[TASK INPUT Boundary: Start]

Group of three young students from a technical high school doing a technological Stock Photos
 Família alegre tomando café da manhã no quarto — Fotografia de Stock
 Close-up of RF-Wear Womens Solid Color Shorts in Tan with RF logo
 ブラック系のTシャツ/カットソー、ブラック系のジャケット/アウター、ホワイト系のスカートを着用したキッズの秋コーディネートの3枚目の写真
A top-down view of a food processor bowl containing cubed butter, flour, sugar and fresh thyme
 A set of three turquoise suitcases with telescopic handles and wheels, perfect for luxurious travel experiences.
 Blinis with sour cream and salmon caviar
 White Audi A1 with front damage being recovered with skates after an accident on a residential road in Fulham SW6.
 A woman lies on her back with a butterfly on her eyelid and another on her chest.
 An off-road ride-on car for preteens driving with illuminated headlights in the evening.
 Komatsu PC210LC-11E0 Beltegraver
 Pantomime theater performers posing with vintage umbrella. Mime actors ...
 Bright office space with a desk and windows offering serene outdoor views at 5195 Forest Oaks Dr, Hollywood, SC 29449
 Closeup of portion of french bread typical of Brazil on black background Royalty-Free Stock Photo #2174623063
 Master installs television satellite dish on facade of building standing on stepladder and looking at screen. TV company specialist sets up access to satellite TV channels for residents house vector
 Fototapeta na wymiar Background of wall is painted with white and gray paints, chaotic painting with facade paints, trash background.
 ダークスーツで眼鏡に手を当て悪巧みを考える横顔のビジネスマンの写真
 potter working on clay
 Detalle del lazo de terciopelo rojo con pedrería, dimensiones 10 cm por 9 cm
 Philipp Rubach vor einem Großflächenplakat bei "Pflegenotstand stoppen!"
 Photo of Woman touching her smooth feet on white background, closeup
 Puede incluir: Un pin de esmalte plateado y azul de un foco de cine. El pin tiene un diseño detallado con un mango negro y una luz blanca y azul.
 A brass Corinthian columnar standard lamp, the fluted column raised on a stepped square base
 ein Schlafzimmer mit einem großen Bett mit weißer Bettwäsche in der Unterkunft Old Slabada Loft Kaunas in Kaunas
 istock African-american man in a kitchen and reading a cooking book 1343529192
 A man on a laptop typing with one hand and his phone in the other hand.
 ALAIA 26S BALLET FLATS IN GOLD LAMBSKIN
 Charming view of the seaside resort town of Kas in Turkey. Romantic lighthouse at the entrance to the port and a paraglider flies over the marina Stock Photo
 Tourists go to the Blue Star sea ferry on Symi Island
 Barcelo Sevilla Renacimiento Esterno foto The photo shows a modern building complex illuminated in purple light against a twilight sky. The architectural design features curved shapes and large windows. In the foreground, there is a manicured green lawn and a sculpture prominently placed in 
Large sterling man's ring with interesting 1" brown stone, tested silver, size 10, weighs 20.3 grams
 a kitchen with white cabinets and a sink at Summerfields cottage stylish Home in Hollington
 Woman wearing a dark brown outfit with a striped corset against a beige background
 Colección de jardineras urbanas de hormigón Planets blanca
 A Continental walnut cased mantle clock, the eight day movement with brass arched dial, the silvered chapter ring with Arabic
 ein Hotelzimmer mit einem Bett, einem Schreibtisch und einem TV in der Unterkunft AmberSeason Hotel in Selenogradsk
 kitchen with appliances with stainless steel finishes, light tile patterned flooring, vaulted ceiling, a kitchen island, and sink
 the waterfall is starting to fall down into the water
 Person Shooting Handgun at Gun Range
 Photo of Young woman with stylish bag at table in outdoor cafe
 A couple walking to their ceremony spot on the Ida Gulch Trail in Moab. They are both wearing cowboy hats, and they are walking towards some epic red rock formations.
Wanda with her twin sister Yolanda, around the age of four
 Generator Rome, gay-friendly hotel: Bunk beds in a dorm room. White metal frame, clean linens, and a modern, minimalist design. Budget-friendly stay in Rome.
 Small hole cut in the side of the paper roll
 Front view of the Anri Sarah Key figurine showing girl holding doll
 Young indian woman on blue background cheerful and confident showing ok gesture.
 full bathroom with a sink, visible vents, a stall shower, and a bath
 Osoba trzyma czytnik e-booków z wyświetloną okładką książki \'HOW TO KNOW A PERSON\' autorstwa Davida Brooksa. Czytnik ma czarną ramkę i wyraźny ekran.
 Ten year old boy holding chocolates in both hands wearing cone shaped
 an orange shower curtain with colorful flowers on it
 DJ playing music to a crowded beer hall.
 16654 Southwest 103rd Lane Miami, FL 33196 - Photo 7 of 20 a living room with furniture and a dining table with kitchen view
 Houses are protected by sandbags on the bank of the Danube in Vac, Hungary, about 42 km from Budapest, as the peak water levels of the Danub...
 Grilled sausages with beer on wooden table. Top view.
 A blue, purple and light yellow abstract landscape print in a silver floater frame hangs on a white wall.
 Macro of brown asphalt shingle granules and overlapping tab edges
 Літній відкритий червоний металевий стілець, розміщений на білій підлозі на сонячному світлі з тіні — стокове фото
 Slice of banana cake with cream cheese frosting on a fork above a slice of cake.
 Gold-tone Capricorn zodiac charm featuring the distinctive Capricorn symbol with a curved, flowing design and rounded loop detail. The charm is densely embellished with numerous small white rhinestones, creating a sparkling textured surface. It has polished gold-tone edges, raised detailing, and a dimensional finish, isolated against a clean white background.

[TASK INPUT Boundary: End]

**WHAT THE TASK ASKS:** Report the lines above that have the word "from" in them.

**COMPLETED TASK:**
Group of three young students from a technical high school doing a technological Stock Photos
 Houses are protected by sandbags on the bank of the Danube in Vac, Hungary, about 42 km from Budapest, as the peak water levels of the Danub...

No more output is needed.